> **Supplied data**

*** Block opens ***

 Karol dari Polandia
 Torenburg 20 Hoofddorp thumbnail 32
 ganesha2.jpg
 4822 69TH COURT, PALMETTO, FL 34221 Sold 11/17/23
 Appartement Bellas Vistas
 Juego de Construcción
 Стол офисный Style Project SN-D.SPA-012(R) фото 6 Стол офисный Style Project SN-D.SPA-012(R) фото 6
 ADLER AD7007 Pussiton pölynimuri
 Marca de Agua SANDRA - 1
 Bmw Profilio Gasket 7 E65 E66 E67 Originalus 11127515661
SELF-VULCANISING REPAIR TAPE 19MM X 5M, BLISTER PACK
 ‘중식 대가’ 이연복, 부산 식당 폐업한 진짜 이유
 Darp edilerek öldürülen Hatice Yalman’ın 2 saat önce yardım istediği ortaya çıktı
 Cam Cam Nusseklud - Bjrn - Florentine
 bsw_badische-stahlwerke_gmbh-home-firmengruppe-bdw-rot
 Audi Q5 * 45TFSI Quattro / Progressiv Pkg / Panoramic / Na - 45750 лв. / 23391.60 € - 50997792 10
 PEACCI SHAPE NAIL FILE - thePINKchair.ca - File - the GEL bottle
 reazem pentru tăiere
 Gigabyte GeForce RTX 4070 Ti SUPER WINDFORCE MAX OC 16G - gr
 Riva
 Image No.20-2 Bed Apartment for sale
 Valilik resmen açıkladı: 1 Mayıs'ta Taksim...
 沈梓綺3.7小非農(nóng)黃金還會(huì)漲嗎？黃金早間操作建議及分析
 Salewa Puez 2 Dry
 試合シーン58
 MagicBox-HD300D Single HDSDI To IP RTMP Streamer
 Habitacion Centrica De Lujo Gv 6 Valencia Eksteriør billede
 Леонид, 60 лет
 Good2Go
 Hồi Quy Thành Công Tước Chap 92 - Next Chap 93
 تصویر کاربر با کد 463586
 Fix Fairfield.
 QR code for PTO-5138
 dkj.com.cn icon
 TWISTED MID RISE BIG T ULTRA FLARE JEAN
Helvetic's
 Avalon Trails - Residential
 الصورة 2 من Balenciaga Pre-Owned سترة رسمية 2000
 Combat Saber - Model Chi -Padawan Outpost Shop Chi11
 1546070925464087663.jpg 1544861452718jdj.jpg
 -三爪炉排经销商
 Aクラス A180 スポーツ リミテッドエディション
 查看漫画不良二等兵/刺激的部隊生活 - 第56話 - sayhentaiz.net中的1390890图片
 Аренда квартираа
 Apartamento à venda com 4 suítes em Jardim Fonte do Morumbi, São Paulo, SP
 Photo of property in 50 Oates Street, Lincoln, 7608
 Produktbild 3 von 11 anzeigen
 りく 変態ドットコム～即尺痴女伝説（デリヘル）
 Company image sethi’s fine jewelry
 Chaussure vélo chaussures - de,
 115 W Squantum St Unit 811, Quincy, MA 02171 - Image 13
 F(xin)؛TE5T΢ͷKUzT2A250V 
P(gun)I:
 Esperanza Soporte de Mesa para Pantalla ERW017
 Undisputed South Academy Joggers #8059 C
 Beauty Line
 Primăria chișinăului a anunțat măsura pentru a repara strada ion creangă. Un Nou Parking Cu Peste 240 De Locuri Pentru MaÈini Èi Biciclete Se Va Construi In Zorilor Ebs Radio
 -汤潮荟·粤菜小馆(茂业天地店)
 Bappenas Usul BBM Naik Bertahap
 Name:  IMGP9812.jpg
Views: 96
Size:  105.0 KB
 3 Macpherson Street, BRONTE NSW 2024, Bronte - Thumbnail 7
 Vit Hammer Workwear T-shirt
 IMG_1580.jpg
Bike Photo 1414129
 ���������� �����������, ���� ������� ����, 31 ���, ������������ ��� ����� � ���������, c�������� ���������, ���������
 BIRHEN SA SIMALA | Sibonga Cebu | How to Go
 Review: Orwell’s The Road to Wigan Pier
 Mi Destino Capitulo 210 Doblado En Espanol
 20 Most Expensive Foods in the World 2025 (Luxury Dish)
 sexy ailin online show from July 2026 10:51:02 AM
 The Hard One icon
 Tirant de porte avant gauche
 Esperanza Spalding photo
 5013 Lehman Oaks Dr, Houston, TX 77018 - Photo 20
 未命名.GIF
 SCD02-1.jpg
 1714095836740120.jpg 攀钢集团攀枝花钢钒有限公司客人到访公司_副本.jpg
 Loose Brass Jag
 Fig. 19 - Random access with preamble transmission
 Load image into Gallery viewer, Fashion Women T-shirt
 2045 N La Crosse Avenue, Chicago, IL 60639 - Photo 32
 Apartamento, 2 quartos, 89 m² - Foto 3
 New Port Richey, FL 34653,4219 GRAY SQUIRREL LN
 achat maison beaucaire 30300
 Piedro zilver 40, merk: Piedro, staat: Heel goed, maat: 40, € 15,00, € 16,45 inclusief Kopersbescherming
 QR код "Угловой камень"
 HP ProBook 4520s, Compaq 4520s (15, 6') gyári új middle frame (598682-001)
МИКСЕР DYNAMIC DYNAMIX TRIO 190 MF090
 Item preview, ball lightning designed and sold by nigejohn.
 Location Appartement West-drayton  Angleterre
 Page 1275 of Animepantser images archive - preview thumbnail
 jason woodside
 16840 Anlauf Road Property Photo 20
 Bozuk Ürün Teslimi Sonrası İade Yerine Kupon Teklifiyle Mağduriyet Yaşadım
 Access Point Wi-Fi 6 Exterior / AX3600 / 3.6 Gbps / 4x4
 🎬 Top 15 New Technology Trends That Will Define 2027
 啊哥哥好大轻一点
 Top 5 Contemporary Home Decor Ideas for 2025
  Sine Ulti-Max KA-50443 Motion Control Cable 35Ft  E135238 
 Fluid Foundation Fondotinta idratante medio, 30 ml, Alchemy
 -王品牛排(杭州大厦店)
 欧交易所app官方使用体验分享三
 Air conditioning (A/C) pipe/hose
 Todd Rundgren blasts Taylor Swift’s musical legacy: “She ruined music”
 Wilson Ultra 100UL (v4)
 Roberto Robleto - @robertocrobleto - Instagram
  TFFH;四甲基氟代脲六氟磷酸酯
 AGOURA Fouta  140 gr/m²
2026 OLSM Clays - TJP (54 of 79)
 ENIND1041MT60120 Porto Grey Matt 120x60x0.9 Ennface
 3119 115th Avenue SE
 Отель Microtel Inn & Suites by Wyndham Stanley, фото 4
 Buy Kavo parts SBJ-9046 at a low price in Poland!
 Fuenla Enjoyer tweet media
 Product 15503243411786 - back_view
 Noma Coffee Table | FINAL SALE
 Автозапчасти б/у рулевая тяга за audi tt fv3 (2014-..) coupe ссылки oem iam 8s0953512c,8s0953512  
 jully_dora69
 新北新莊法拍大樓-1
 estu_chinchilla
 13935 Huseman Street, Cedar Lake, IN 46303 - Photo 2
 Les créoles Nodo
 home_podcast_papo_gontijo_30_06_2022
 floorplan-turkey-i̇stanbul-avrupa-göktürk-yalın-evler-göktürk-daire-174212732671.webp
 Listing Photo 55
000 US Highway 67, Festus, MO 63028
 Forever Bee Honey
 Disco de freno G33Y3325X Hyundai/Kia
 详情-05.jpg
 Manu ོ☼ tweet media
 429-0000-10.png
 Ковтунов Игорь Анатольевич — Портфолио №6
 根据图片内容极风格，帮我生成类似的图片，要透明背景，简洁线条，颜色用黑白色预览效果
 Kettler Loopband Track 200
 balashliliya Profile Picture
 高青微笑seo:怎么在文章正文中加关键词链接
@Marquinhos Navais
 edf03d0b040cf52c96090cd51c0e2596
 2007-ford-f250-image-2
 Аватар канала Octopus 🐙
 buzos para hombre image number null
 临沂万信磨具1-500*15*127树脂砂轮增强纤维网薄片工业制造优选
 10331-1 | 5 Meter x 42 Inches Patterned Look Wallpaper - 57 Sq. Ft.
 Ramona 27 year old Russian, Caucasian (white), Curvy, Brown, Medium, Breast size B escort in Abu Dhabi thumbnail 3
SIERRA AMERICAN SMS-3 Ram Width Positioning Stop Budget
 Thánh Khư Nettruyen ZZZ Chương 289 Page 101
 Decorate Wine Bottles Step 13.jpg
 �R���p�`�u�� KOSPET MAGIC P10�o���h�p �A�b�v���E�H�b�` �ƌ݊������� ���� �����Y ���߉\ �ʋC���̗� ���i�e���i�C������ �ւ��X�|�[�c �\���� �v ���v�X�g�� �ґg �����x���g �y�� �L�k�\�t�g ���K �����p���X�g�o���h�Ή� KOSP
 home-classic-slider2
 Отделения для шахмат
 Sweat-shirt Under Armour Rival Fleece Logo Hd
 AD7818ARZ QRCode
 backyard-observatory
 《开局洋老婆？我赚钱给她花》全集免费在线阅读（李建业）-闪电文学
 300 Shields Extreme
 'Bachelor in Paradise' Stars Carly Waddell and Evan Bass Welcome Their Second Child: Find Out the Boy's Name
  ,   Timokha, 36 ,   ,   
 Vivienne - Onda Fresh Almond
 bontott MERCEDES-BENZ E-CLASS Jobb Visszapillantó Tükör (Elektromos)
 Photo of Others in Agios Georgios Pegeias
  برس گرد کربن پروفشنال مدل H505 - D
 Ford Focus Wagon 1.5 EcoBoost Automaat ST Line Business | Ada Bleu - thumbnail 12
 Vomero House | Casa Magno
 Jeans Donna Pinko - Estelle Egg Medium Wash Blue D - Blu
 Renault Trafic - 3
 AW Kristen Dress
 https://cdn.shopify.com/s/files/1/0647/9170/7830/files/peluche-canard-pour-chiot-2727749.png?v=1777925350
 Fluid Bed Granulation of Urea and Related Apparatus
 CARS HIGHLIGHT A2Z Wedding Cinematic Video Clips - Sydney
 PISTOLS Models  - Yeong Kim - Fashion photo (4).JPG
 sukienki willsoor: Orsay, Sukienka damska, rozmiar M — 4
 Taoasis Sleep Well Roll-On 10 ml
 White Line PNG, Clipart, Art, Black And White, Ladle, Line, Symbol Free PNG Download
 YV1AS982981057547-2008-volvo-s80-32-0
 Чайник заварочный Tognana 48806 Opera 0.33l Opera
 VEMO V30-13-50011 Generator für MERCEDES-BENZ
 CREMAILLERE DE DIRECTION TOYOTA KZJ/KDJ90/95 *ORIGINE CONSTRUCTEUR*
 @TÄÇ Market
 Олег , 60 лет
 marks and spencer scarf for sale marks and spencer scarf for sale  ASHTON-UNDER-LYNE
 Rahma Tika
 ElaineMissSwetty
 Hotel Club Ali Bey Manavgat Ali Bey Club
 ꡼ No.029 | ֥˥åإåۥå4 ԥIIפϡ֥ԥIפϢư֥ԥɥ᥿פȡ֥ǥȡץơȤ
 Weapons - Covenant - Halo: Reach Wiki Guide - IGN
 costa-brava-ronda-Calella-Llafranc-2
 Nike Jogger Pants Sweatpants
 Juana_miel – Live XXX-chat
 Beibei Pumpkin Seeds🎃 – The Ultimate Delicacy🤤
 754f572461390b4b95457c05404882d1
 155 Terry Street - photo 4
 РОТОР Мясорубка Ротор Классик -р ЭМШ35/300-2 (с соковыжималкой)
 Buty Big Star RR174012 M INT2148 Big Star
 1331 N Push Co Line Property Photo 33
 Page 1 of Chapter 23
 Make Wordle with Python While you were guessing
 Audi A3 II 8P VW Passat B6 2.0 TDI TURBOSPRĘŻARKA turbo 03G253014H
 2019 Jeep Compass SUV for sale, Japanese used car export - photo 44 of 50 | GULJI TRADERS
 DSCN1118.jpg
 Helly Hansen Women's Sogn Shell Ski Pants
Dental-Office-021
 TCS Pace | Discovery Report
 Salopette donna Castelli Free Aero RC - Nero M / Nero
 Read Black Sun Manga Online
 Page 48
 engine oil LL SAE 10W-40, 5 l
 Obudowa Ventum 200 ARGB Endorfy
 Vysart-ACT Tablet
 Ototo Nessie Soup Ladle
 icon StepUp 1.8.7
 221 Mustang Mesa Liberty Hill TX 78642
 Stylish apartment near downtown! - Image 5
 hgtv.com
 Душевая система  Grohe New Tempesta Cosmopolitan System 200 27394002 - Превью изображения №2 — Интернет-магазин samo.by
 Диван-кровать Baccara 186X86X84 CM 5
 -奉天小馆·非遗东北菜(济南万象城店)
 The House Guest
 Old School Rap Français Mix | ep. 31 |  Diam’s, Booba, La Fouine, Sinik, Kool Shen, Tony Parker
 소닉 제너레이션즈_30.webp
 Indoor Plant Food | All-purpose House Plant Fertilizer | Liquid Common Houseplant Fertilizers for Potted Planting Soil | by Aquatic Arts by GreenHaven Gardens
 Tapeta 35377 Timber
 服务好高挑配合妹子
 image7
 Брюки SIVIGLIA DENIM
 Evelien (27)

*** Block closes ***

> **What to do**
The line containing "reazem pentru tăiere" marks the end. Please print exactly every line from the top of the data to it, both included, and nothing more.

> **Answer section**
 Karol dari Polandia
 Torenburg 20 Hoofddorp thumbnail 32
 ganesha2.jpg
 4822 69TH COURT, PALMETTO, FL 34221 Sold 11/17/23
 Appartement Bellas Vistas
 Juego de Construcción
 Стол офисный Style Project SN-D.SPA-012(R) фото 6 Стол офисный Style Project SN-D.SPA-012(R) фото 6
 ADLER AD7007 Pussiton pölynimuri
 Marca de Agua SANDRA - 1
 Bmw Profilio Gasket 7 E65 E66 E67 Originalus 11127515661
SELF-VULCANISING REPAIR TAPE 19MM X 5M, BLISTER PACK
 ‘중식 대가’ 이연복, 부산 식당 폐업한 진짜 이유
 Darp edilerek öldürülen Hatice Yalman’ın 2 saat önce yardım istediği ortaya çıktı
 Cam Cam Nusseklud - Bjrn - Florentine
 bsw_badische-stahlwerke_gmbh-home-firmengruppe-bdw-rot
 Audi Q5 * 45TFSI Quattro / Progressiv Pkg / Panoramic / Na - 45750 лв. / 23391.60 € - 50997792 10
 PEACCI SHAPE NAIL FILE - thePINKchair.ca - File - the GEL bottle
 reazem pentru tăiere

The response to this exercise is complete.